So I haven’t posted in a few days, things have been completely hectic for me with all the new possibilities of data optimization and the new types of Neural Networks I’ve been using. To summarize what’s been going on with my research so far:
1. TP optimization with FFNN’s
Using 4 inputs (type of cross, MACD histogram value, MACD 9EMA value, and RSI 14) and one output (TP) in a Feed-Forward Neural Network has yielded an overall profit around 50% better than the regional optimal fixed TP, but less than the overall optimal fixed TP. This can be considered a good result given that a strategy using the overall optimal fixed TP relies on not more than 10% heavy hits that are not guaranteed to be sustained in every time span.
However, this result is still obtained with the MSE as a performance function, and without really smoothing the TP data. Next is to edit the MSE function to place more error weight on output higher than target, since those outputs result in a total miss even 1 point above target. Lowering the number of outputs above target will significantly lower the number of misses and therefore lead to a considerably greater performance that will be well above the overall optimal fixed TP. I will also attempt to map the set of outputs into a min-max region that is centered around either the overall optimal fixed TP or the lower local fixed TP, with a range of around 25% in each direction.

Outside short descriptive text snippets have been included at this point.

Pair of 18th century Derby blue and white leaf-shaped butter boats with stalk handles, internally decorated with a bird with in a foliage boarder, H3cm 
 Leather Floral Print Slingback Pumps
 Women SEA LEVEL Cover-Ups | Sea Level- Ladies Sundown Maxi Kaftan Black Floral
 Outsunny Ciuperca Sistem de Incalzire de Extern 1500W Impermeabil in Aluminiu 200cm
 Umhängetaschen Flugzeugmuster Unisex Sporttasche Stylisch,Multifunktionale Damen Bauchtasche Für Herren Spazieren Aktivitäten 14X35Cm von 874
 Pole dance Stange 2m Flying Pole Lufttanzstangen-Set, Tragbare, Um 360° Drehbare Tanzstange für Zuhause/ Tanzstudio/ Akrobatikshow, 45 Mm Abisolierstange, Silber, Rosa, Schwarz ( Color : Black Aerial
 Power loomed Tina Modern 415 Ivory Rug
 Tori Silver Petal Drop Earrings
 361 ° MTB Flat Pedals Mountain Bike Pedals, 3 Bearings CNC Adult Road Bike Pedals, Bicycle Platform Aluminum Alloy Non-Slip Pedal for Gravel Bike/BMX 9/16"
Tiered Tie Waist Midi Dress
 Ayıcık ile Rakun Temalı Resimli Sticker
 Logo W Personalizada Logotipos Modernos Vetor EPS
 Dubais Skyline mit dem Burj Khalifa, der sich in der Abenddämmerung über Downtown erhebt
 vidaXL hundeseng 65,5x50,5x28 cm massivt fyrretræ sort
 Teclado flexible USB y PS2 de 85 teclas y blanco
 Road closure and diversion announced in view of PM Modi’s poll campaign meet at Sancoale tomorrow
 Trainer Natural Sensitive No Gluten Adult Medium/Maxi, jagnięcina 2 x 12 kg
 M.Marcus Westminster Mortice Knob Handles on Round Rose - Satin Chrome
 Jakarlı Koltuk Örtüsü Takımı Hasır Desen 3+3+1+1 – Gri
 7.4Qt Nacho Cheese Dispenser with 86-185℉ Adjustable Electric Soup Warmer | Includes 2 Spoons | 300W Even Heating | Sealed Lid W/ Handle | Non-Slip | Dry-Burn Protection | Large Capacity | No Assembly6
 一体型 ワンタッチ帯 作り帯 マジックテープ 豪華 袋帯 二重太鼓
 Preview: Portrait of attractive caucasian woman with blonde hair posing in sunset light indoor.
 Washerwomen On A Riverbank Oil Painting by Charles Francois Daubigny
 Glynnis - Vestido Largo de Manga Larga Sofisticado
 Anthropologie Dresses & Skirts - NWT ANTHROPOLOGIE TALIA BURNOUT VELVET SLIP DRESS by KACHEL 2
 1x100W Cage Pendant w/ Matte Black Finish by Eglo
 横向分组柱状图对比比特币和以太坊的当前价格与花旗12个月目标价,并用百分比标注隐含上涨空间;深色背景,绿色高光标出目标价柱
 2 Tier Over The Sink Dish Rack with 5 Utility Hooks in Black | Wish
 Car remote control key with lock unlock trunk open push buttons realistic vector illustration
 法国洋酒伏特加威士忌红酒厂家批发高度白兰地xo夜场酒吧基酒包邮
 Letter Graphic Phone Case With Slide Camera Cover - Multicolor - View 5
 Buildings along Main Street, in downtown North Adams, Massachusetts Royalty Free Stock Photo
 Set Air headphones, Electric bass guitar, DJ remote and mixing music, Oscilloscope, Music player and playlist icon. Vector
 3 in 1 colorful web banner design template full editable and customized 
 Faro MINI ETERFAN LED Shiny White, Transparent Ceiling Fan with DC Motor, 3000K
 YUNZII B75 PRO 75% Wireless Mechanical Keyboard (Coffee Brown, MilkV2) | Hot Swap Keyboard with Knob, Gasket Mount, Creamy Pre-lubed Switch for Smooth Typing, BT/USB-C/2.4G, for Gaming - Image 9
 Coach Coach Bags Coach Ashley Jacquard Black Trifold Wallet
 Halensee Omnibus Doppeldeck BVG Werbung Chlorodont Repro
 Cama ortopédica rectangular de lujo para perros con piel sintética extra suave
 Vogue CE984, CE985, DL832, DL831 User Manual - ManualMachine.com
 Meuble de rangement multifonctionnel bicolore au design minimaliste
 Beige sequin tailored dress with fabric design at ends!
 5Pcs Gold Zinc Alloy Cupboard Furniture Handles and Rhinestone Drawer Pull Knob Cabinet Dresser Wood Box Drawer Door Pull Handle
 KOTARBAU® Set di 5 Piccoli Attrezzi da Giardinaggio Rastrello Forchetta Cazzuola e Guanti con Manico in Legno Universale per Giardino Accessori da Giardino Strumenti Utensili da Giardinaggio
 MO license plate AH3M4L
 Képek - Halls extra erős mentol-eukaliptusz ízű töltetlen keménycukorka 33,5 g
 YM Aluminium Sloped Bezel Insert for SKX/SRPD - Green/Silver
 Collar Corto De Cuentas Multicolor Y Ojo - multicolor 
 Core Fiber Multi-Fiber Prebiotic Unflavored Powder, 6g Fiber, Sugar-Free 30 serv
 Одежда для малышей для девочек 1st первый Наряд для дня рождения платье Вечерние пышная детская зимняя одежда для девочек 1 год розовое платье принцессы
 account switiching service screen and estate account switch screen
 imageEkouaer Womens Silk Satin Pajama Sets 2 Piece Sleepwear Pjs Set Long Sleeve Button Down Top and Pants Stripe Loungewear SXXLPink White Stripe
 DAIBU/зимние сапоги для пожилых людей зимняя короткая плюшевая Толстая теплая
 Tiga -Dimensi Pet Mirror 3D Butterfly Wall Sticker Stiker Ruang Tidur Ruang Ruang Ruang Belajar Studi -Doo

2. Hourly median price approximation with a NARX network
Performing one step ahead with a NARX network, with 4 inputs (Hourly median price, MACD histogram value, MACD 9EMA value, and RSI 14) and one output (Hourly median price) will approximate the next median price with an average goal error of 50%, but when plotted against a chart of high-low bars of the same prices, we find out that the 90-95% of the predicted prices fall within the next bar. This is phenomenal given that even with such random inputs that do not tell much about the circumstances of the trend, we can still give an answer that will have a 90-95% chance of being hit in the next hour. Shaping this method up could lead us to a result very close to a 100% hit, especially with a goal not targeted for over-fitting. Also, missed hits are pretty obvious to spot if you consider how outrageous it appears.
3. Clustering output with a Radial Based Probabilistic Neural Network
With a Radial Based Probabilistic Neural Network, one can classify the type of the next bar: an up, down, or flat bar, or type of candle (hammer, rising star, doji, etc..). I have not tried this yet, but it is very promising given the strength of PNN’s in classification, and the relatively high error tolerance (No need for 90% , 70% will still be highly profitable and well beyond any known trading system). I will try clustering soon with PNN’s and SOM’s (Self-Organizing Maps).
If any of the earlier 3 points seem extremely vague or not understandable, it’s perfectly OK. It will be much clearer when I get around to uploading charts and diagrams that will hopefully clear out the above-mentioned mumbo-jumbo.